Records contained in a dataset
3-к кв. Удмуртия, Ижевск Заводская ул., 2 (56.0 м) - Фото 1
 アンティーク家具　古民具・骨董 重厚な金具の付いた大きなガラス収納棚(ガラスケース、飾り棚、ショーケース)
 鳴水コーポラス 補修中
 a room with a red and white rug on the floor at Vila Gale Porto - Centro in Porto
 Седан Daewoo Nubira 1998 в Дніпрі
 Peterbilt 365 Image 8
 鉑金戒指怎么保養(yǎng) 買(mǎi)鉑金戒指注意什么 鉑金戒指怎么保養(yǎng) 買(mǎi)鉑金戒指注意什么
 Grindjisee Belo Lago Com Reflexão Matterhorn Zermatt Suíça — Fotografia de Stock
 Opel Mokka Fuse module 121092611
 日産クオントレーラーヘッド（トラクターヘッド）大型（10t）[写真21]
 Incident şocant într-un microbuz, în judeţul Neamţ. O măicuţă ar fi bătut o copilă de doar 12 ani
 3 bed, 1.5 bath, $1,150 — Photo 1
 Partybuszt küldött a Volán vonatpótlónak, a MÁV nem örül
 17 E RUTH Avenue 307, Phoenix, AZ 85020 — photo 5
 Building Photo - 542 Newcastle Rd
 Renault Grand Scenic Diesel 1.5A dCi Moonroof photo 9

WORK ORDER ▸ One inclusive range is required: first line of the data through the line containing "日産クオントレーラーヘッド（トラクターヘッド）大型（10t）[写真21]". Set it down exactly and output nothing else.

YOUR RESPONSE ▸
3-к кв. Удмуртия, Ижевск Заводская ул., 2 (56.0 м) - Фото 1
 アンティーク家具　古民具・骨董 重厚な金具の付いた大きなガラス収納棚(ガラスケース、飾り棚、ショーケース)
 鳴水コーポラス 補修中
 a room with a red and white rug on the floor at Vila Gale Porto - Centro in Porto
 Седан Daewoo Nubira 1998 в Дніпрі
 Peterbilt 365 Image 8
 鉑金戒指怎么保養(yǎng) 買(mǎi)鉑金戒指注意什么 鉑金戒指怎么保養(yǎng) 買(mǎi)鉑金戒指注意什么
 Grindjisee Belo Lago Com Reflexão Matterhorn Zermatt Suíça — Fotografia de Stock
 Opel Mokka Fuse module 121092611
 日産クオントレーラーヘッド（トラクターヘッド）大型（10t）[写真21]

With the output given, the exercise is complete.